Advent is just 4 Sundays from now and I want to start spreading the word now about what we are doing because I want you to join me and the leaders of Knox in praying for it. 

Sure we can get people out on Christmas Eve, but with this series I can’t help thinking about something that my wife, said to me the other day.  She said, “If we could get people in not just on Christmas Eve but from the start of Advent we could change their lives.”

I know it is hard for people to make the decision to gather with us in worship, but would you join me in praying that people come?  Not just Christmas Eve, but all of Advent.  Can you imagine how joyous it would be to see people and families make Jesus part of their Christmas experience?

So please pray for us as we plan and perhaps the Holy Spirit will lead you to someone who needs an invitation to Jesus this Christmas.  

In Christ,

Rev. Alton J. Ruff

 

Tuesday, 24 March 2015

I want to share with you my sermon manuscript from Sunday.  I think the context it brings and the overall conclusion is that important.  I'd LOVE to hear from some of you that responded to the challenge at the end.  revalton@knoxmidland.ca  www.knoxmidland.ca


Blessings,

Alton




CRAZY LOVE 6: PROFILE OF THE OBSESSED (chapter 8)
Luke 6:32-26
Rev. Alton J. Ruff
Knox Presbyterian Church, Midland
March 22, 2015


The gist: Being nice is not an evangelism strategy.  Unchurched people are nice too. But loving a person who has hurt you, that goes against culture and witnesses to the love of Christ.  


INTRO: skit: being nice – an evangelism strategy

I came to faith in the early 1990’s.   This was back when we just starting to realize that Canadian culture and its attitude towards Christianity were beginning to radically shift.  The baby boomer generation was abandoning the church in droves and Gen X’ers coming after them (my generation) just didn’t care a flying fig about Church.  Mission donations and volunteers were both down.  Pastors had to work hard to fill their pews each Sunday.  Volunteers were busy with secular events.  Churches were closing.

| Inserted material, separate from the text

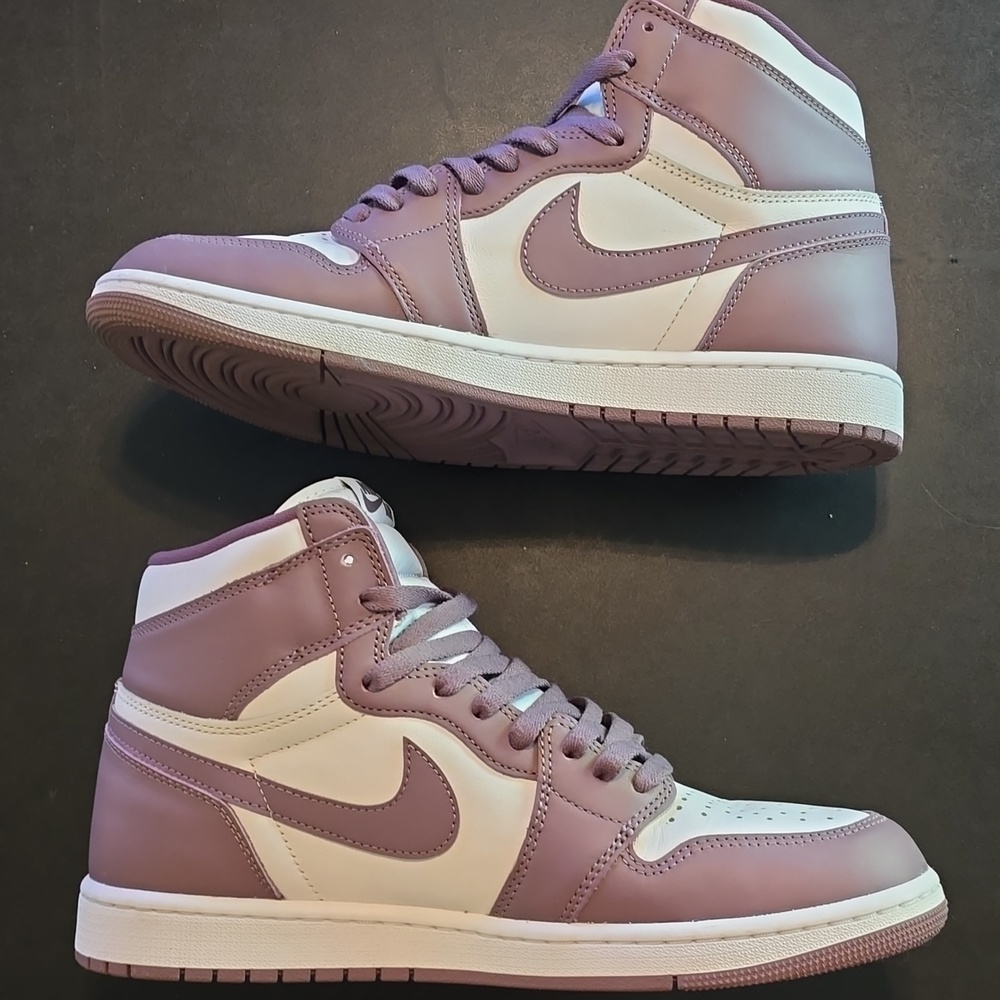 Nike Air Jordan 1 Retro High Og Mauve-White (No Offers) - Picture 2 of 8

You see a political decision was made in the early 90’s that has lasting effects to this day.  There are some here today who can’t remember a time when businesses were not allowed to open on Sundays.  Just imagine; you would walk down Main Street and every door of every business, with very few exceptions, would be locked – all but the Church door, that is.

You see Canada had this act, called the Lord’s Day Act, which prevented business owners from opening so that people would be free to keep the Lord’s Day holy.  This act went back to the Christian roots that founded the country.  But in 1985 the Supreme Court of Canada ruled that according to the newly adopted Canadian Charter of Rights and Freedoms, the Lord’s Day Act was in conflict with Canadian ideals about religious freedom. 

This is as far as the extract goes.